Non c’è nessuna traccia di violenza sul corpo, la morte viene velocemente derubricata a suicidio. Oggi basta aver visto mezza stagione di CSI per sapere che le descrizioni giunte fino a noi non possono parlare di un’annegata: non ci sono gonfiori, macerazioni, né segni di morsi di pesci, ma a quel tempo le tecniche di anatomopatologia erano ancora embrionali.

La salma viene esposta nella vetrina della Morgue, proprio dietro Notre Dame, nella speranza che qualcuno possa riconoscerla. Si usa fare così, con i cadaveri non identificati. I passanti, le gentildonne, persino i bambini sono soliti fermarsi a guardare i corpi attraverso le grandi vetrate: hanno un rapporto diverso con la morte, rispetto a noi moderni. 
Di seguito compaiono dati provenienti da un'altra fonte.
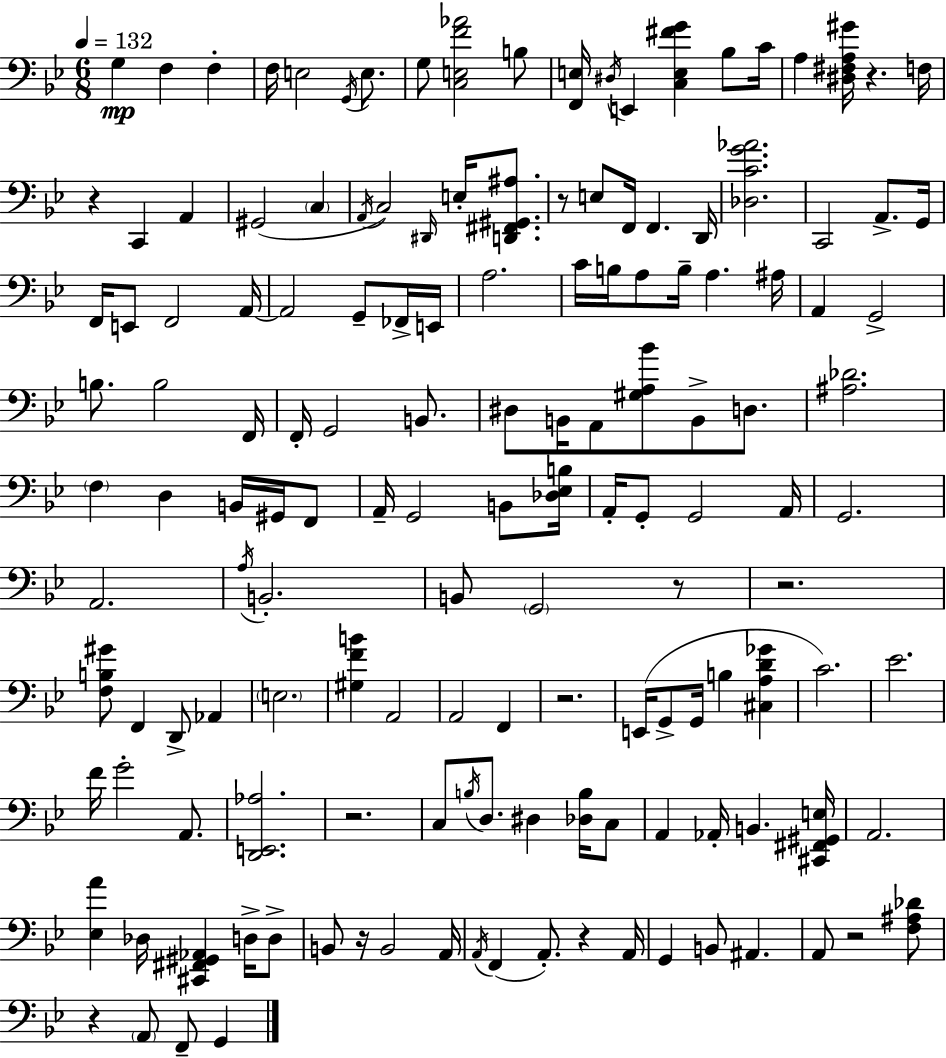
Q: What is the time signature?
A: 6/8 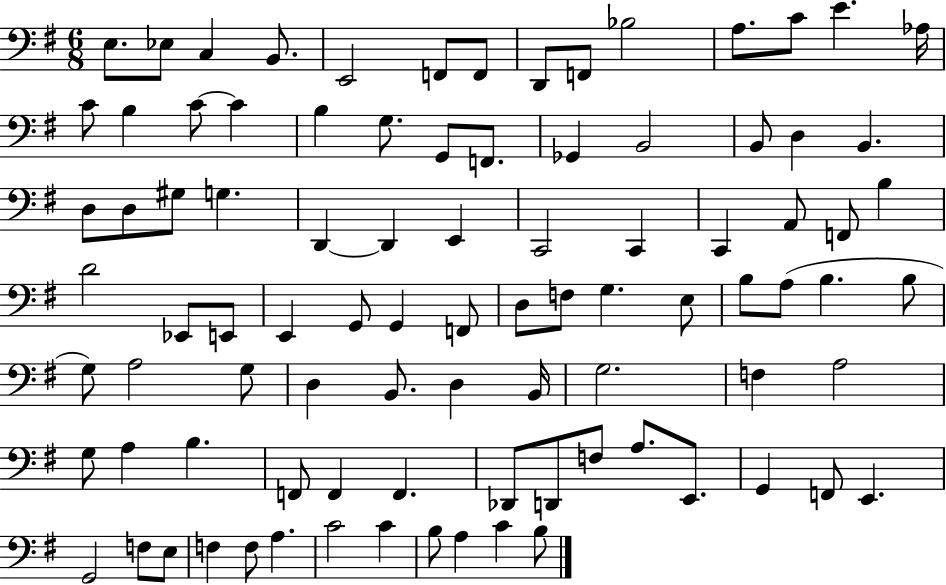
{
  \clef bass
  \numericTimeSignature
  \time 6/8
  \key g \major
  e8. ees8 c4 b,8. | e,2 f,8 f,8 | d,8 f,8 bes2 | a8. c'8 e'4. aes16 | \break c'8 b4 c'8~~ c'4 | b4 g8. g,8 f,8. | ges,4 b,2 | b,8 d4 b,4. | \break d8 d8 gis8 g4. | d,4~~ d,4 e,4 | c,2 c,4 | c,4 a,8 f,8 b4 | \break d'2 ees,8 e,8 | e,4 g,8 g,4 f,8 | d8 f8 g4. e8 | b8 a8( b4. b8 | \break g8) a2 g8 | d4 b,8. d4 b,16 | g2. | f4 a2 | \break g8 a4 b4. | f,8 f,4 f,4. | des,8 d,8 f8 a8. e,8. | g,4 f,8 e,4. | \break g,2 f8 e8 | f4 f8 a4. | c'2 c'4 | b8 a4 c'4 b8 | \break \bar "|."
} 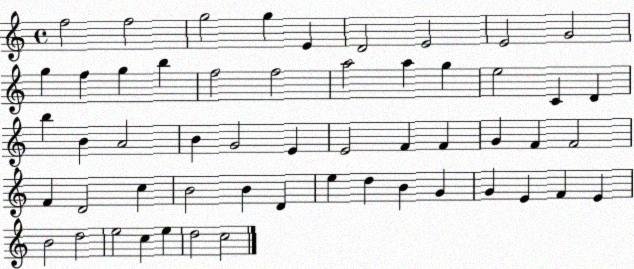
X:1
T:Untitled
M:4/4
L:1/4
K:C
f2 f2 g2 g E D2 E2 E2 G2 g f g b f2 f2 a2 a g e2 C D b B A2 B G2 E E2 F F G F F2 F D2 c B2 B D e d B G G E F E B2 d2 e2 c e d2 c2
Ciononostante, nessuno riconosce la donna, nessuno ne reclama le spoglie. È una morta qualsiasi, magari una poveretta col cuore spezzato, forse sola al mondo, o vittima di qualcuno o qualcosa che l’ha uccisa senza lasciar traccia, per esempio la tubercolosi. Al termine dell’esposizione, quindi, viene sepolta in un’affollata fossa comune. Ma il volto della sconosciuta è giovane e bello e uno degli uomini che lavorano alla morgue decide di prenderne un calco in gesso. Ne esce un viso giovane, con un sorriso appena accennato, confortante quasi. 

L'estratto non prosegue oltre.